24 January, 2018
I’m betting that most of us who work in conflict resolution, whether formally as a neutral or informally in our roles within our organizations, know well a certain sinking feeling. That is, when the people involved have had a good dialogue and worked hard to come together and yet seem to balk just when a resolution is in sight. The resolution is still redeemable in many cases but in others, that little hesitation can be like the thread which, once pulled, unravels the whole thing. So, what’s that about?
When the parties sit down to engage in a dialogue about their conflict, their behaviors tell a story about why they may have avoided or not resolved the conflict in the first place and what might make it hard for them to face real and viable solutions that they say they want. The root of these behaviors can often be:
• Doubt from past experience. Many times parties in conflict will express serious doubt that anything will or should be accomplished in mediation or dialogue because past experiences have eroded their trust. They might say… “He knows what’s been happening and always says he’ll do something, but he never does.” or “I gave her another day of telework because of her situation but I could never find her when I needed to.”

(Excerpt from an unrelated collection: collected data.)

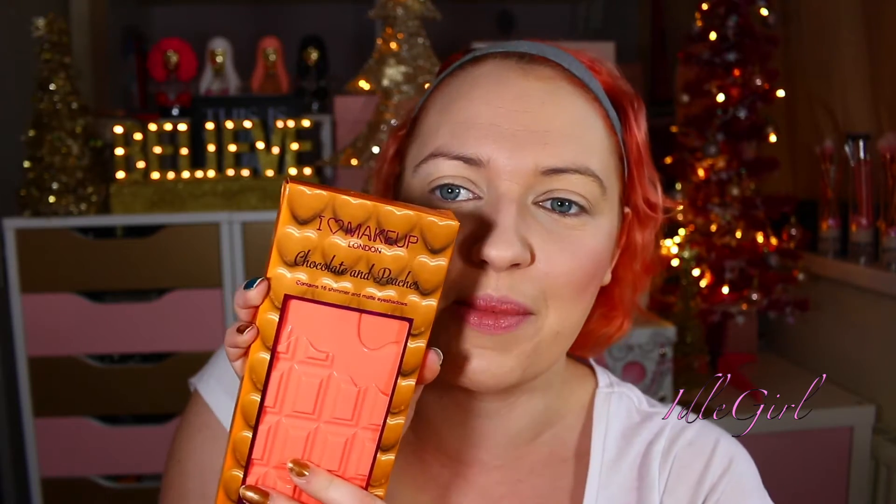Hi guys, welcome back to my channel — or welcome if you're new. It's December and we're doing Vlogmas right now, with some videos in between. Today I've got the I Heart Makeup Chocolate and Peaches palette — one of the chocolate palettes. It contains 16 shimmer and matte eyeshadows. I really wanted the Too Faced Sweet Peach palette for ages but couldn't get it in the UK without paying a ridiculous price on eBay, and it didn't come to Debenhams. Anyway, let's get over that little trauma of mine.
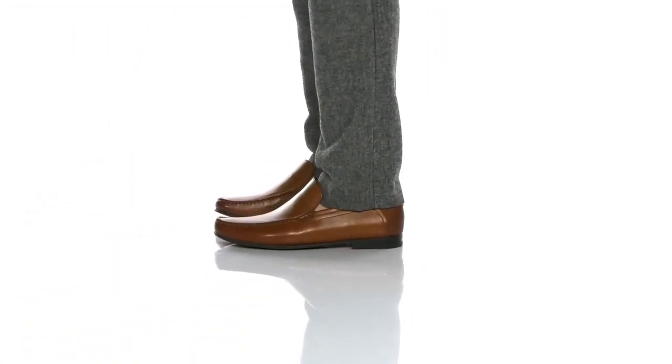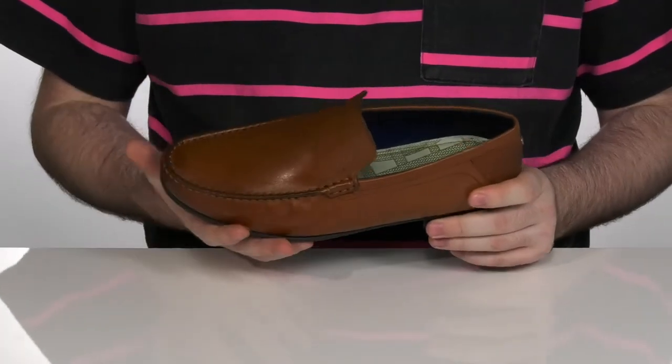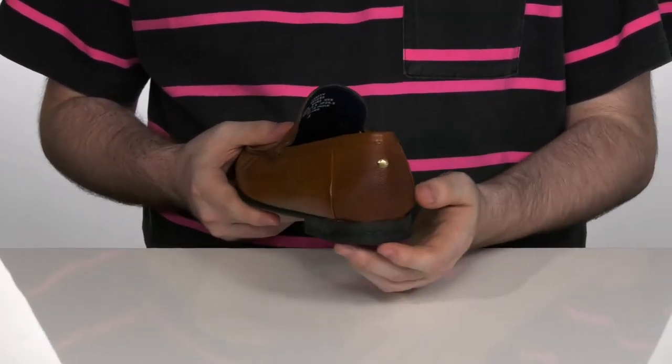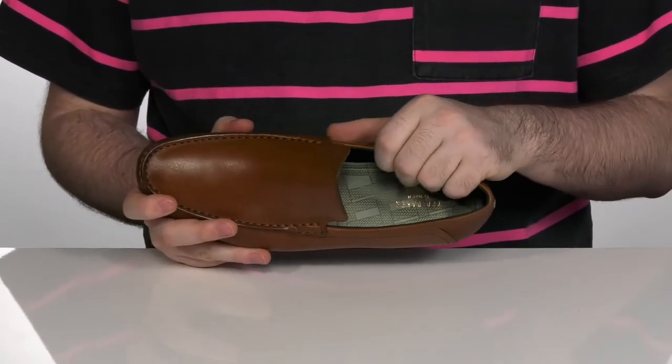Add some class to your business attire with these great leather shoes. These shoes have a mock toe stitch across the front there with a high raised tongue. They give you a look of elegance. There's a nice perforated detail on the heel, and the inside lining is a textile and leather mix, keeping it super cool and comfortable.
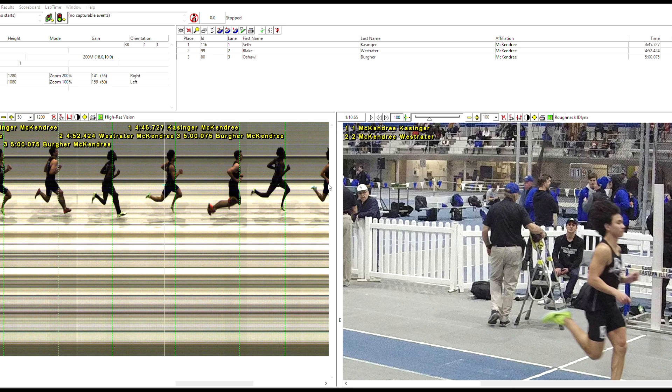Settings-wise, we are running 1080p, 90% compression — so even a little bit less compression. Shutter speed: 240. Probably could have gone a little bit higher on that, but it produced images that were very clear.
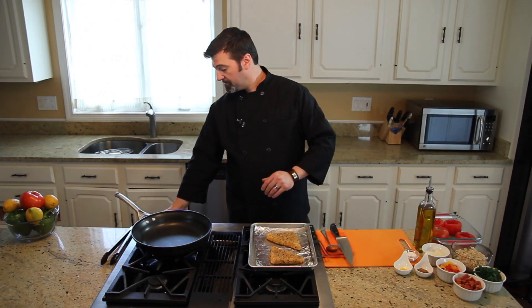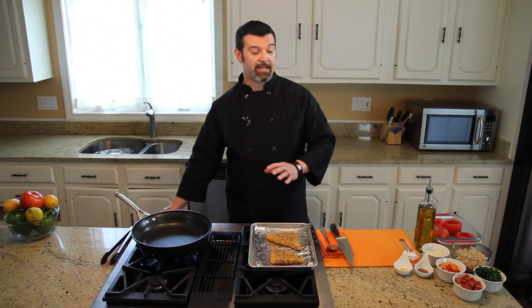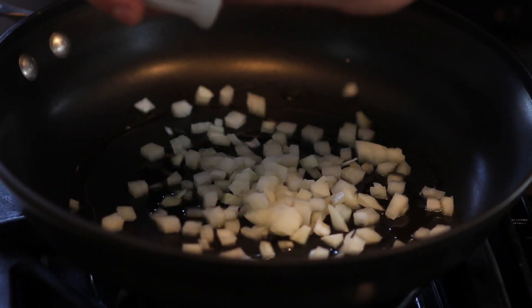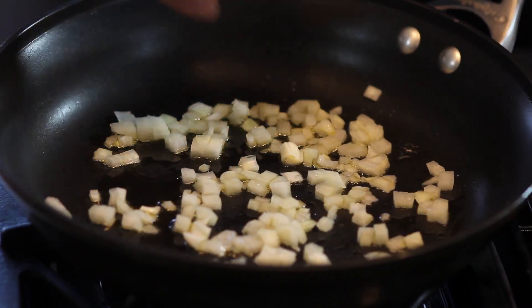We're going to start with a skillet or a large sauté pan on medium-high heat and add a little oil, then we're going to sauté up some white onions. Once the onions start to sizzle and you can hear them cooking, we're going to add in our chorizo.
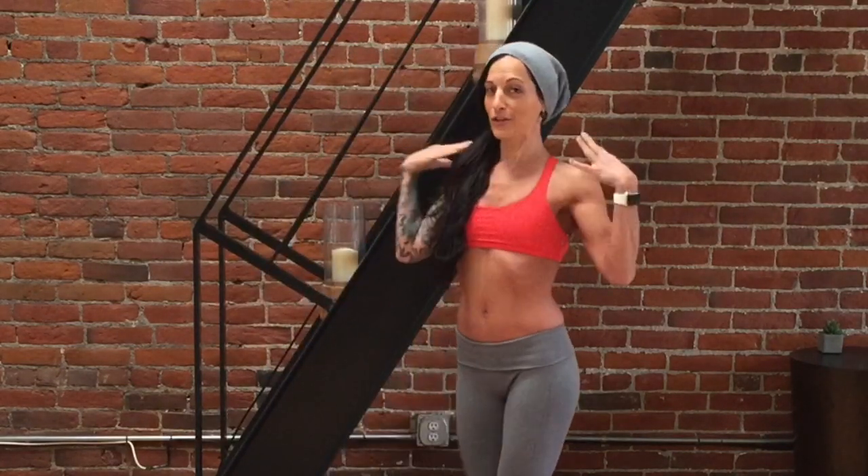What's up Rockstar? Awesome to see you! In today's Upper Body Focus Circuit, we're going to be targeting the arms, biceps and triceps, the shoulders, the back, and the chest.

• Hesitancy or a lack of confidence. When the parties are not clear on what they want or have the right to ask for, their ability to trust the offer from the other party may be compromised. They might say… “This is my one shot. What if I make the wrong deal?” or “If I offer a reassignment, then everyone will want one.”

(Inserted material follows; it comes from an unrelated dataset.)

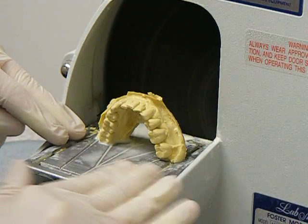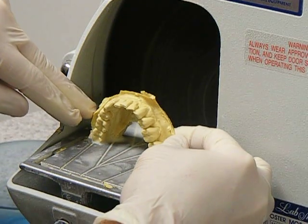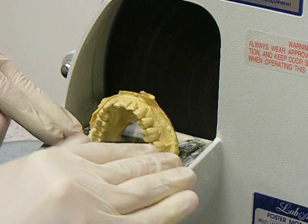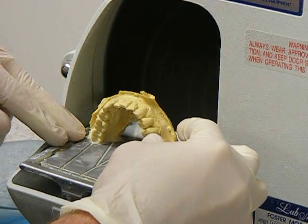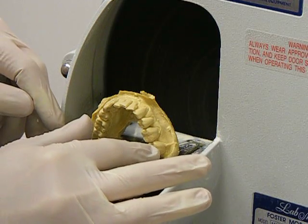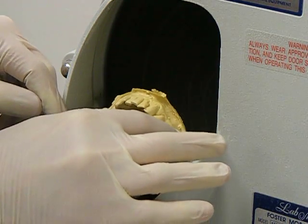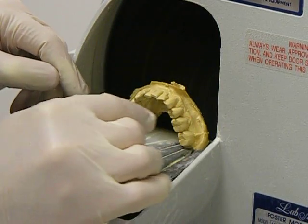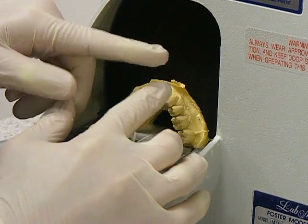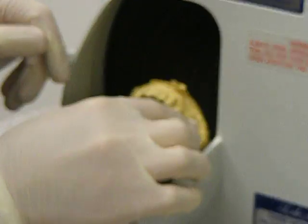Laying it on the grinding table provided with the grinding disc or machine, make sure that it's standing up and that it is even. Place your fingers on the occlusal surfaces of the teeth, then advance the model towards the disc to grind the bottom portion of the model. Your gloves should be fairly tight and not loose, so as not to get caught between the table and the grinding wheel.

• Fear, anger or hurt. These emotions, so often present in disputes, affect how the parties engage and ultimately move toward resolution. Fearful parties may be hard to draw out. Anger often affects how well parties can hear and interpret what is being said and how they express their own stories and interests. Hurt from painful experiences can cause parties to filter, and sometimes distort, the dialogue through an outer defensive shell.
• Ineffective communication. Varying levels of communication skills may make it difficult for parties to engage in a mutual exchange, cause the parties to fall into habits of expressing emotions more than interests or curiosity, and aggravate their discomfort about the dialogue process and confidence in possible outcomes.

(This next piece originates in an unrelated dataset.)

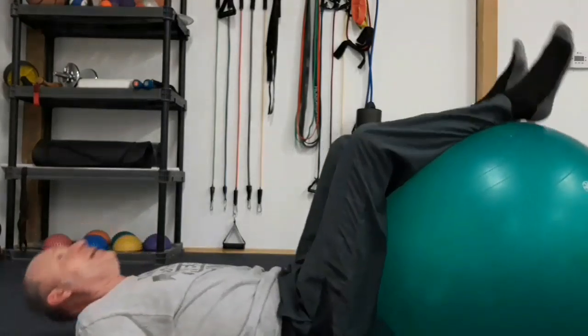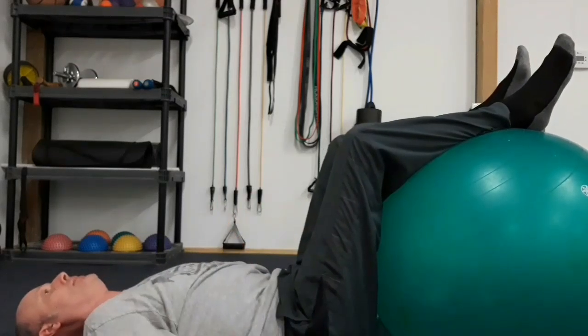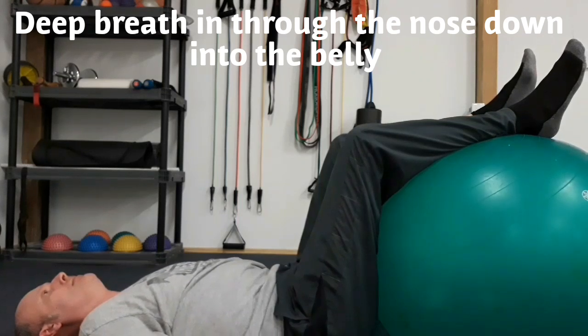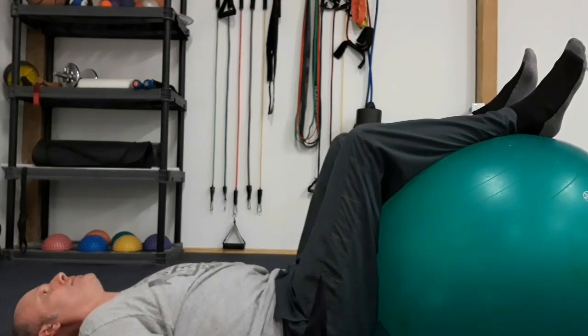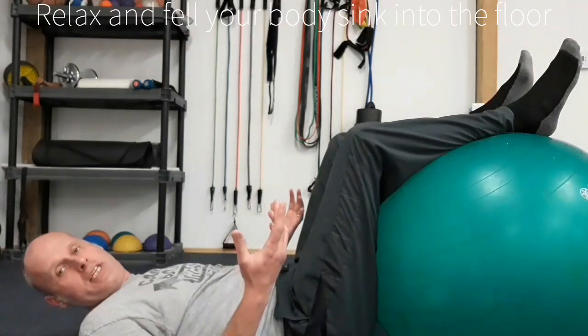So we're going to lie down, breathe all the air out of the lungs, take a deep breath in through the nose into the belly, and breathe out. You should feel like your whole body is sinking into the floor.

• Physical distress. Whether from the dispute, the stress of the dialogue process, or other factors, parties showing tensions in their faces or bodies can find it very difficult to engage with optimism. The tension can also be telegraphed to the other parties and affect the dynamic in the room.
The behaviors from the parties give us cues about what will be most important in their ability to fully engage and work toward a resolution. As conflict resolvers, there are many ways we can guide our process to meet the parties’ needs. Here are a few approaches commonly used in mediation:
• Setting a good tone and making clear how a dialogue will take place can lessen physical and psychological stressors. This might mean taking a little extra time in the beginning and conveying calm and competent authority over the process so that parties can put their trust in the conflict resolver.
• Using separate sessions and letting parties know they can request to meet in separate sessions. This can help parties feel more confident in their ability to explore and get help in expressing their concerns and needs.
• Recognizing the level of emotion and what it communicates about whether and how emotions must be acknowledged before parties can move on. This may also require more time in the mediation or dialogue and may mean that the parties circle back to cover previously-covered territory to build their confidence so they can let go of emotions that are blocking them.
As conflict resolvers our ability to recognize those behavioral cues from the parties holds the key to helping the parties engage in their conflict and come together around real and durable resolutions.